> [What to produce] Omitting all images, set down every line below exactly as it appears.

> [Exercise data]
====
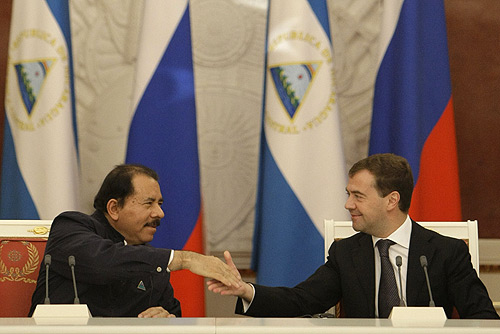 Nicaraguan president, Daniel Ortega with then Russian President Dmitry Medvedev in Moscow in 2008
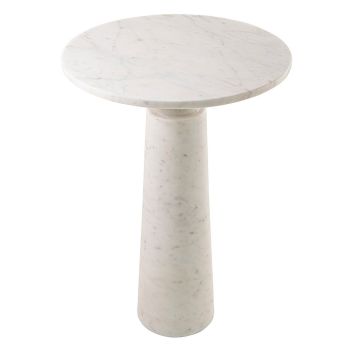 Luna Side Table - Marble - L38 x W38 x H55 cm - White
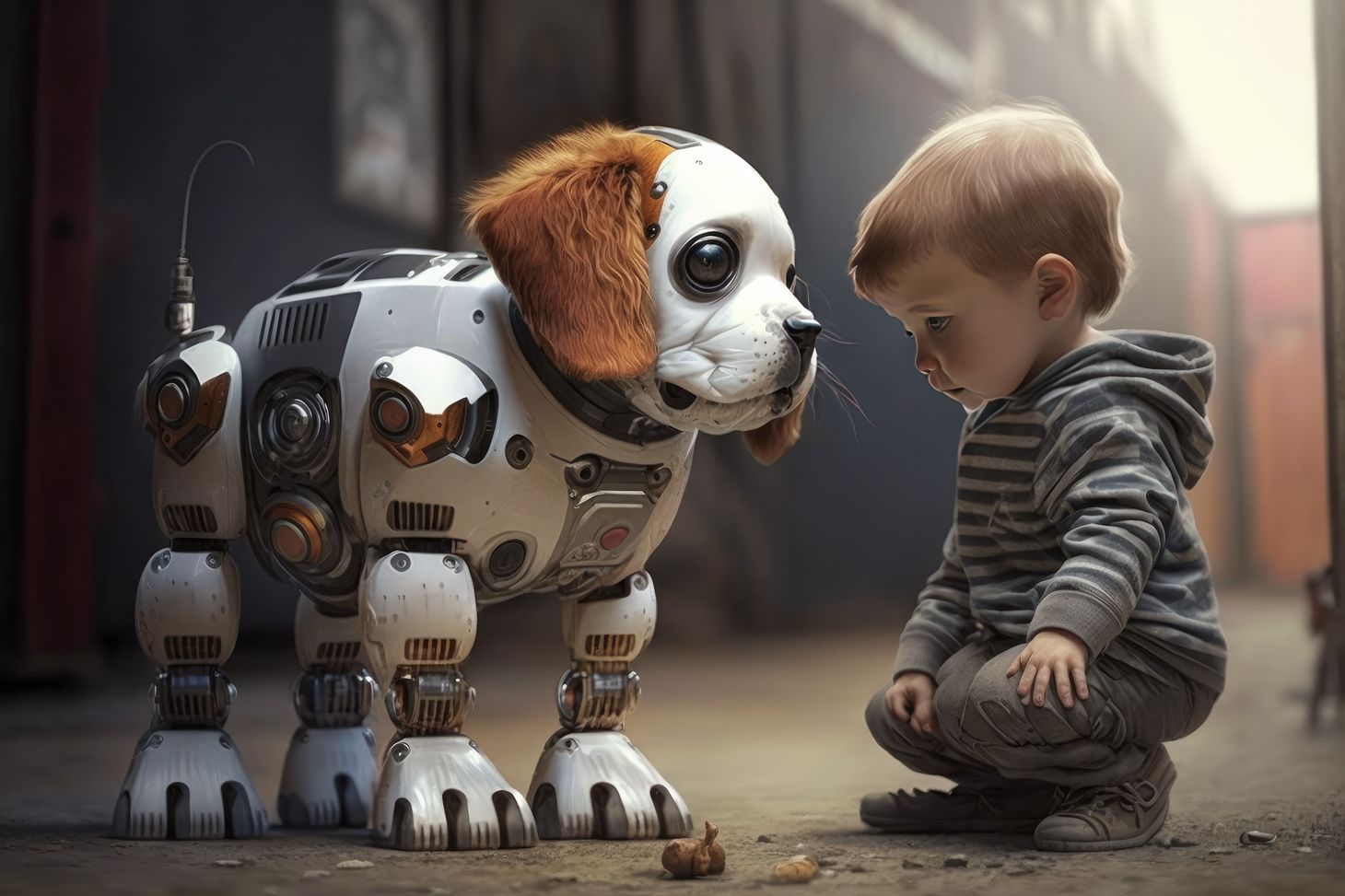 Image of bog playing with AI dog. (Image was generated by AI)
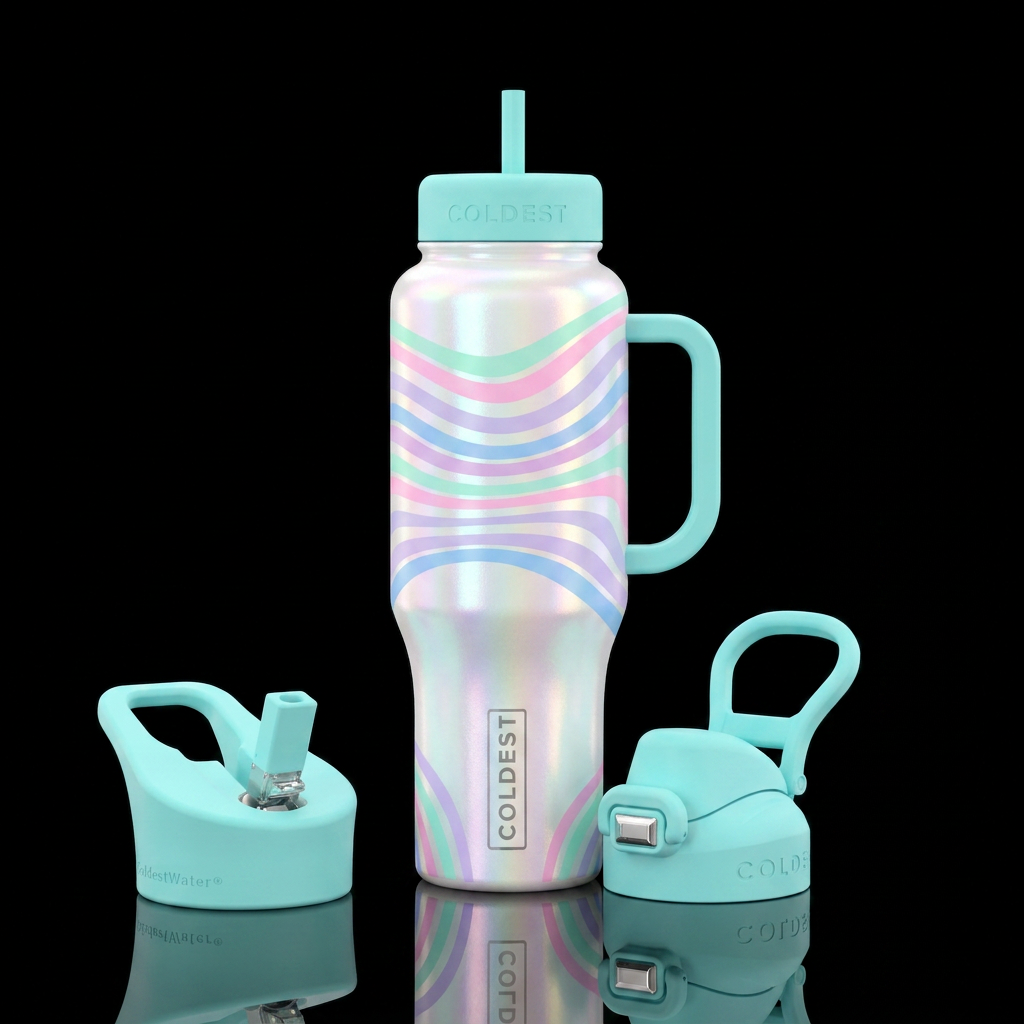 Iridescent white bottle with wavy pastel rings goi... water bottle design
====
> [Output below]
 Nicaraguan president, Daniel Ortega with then Russian President Dmitry Medvedev in Moscow in 2008
 Luna Side Table - Marble - L38 x W38 x H55 cm - White
 Image of bog playing with AI dog. (Image was generated by AI)
 Iridescent white bottle with wavy pastel rings goi... water bottle design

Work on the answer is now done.